*** The input
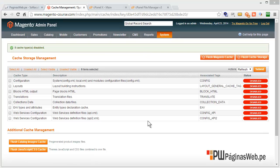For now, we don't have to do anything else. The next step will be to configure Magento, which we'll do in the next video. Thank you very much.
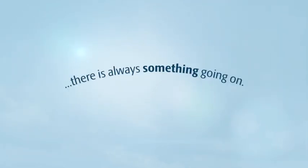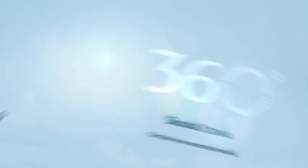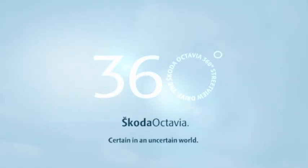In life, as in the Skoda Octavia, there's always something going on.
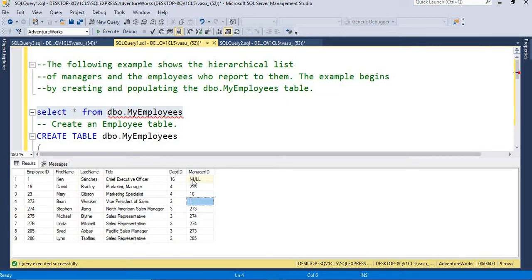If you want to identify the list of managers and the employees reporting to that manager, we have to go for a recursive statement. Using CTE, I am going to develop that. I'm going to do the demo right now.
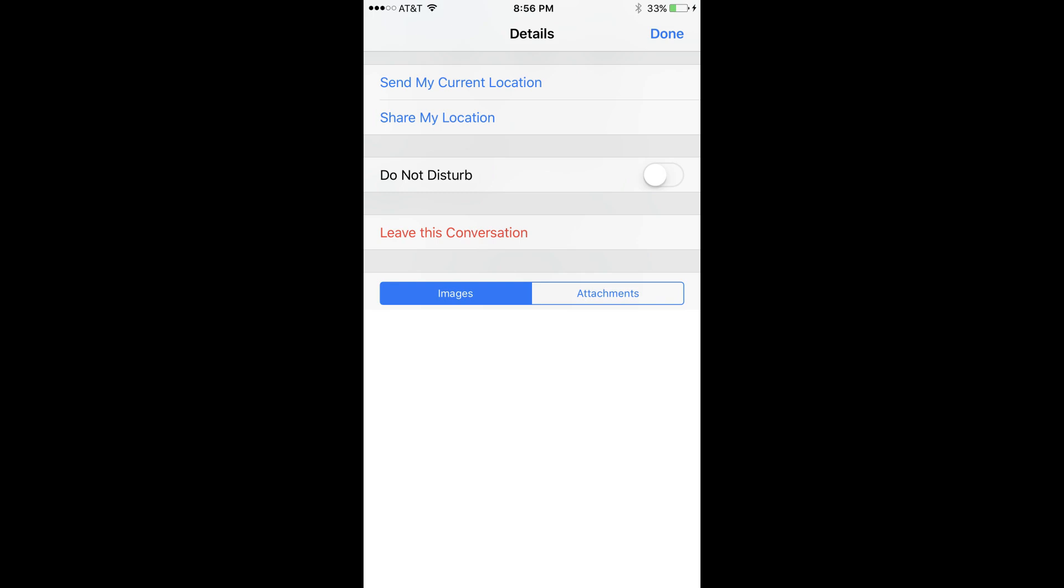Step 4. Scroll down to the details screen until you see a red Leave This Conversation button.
******
*** The input
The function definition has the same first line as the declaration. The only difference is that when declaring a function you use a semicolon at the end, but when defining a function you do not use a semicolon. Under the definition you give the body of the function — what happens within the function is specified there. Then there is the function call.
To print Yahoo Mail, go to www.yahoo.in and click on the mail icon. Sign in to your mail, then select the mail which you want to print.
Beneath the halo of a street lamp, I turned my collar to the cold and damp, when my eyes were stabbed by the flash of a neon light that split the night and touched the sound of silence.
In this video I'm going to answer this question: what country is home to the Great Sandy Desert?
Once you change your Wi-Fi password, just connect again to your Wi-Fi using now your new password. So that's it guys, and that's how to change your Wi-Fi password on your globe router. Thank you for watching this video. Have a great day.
******
*Instructions for the task*
Your answer is the exact run of lines above from the one with "If you want" through the one with "Step 4. Scroll", both ends included, minus any picture.

*Expected output*
If you want to identify the list of managers and the employees reporting to that manager, we have to go for a recursive statement. Using CTE, I am going to develop that. I'm going to do the demo right now.
Step 4. Scroll down to the details screen until you see a red Leave This Conversation button.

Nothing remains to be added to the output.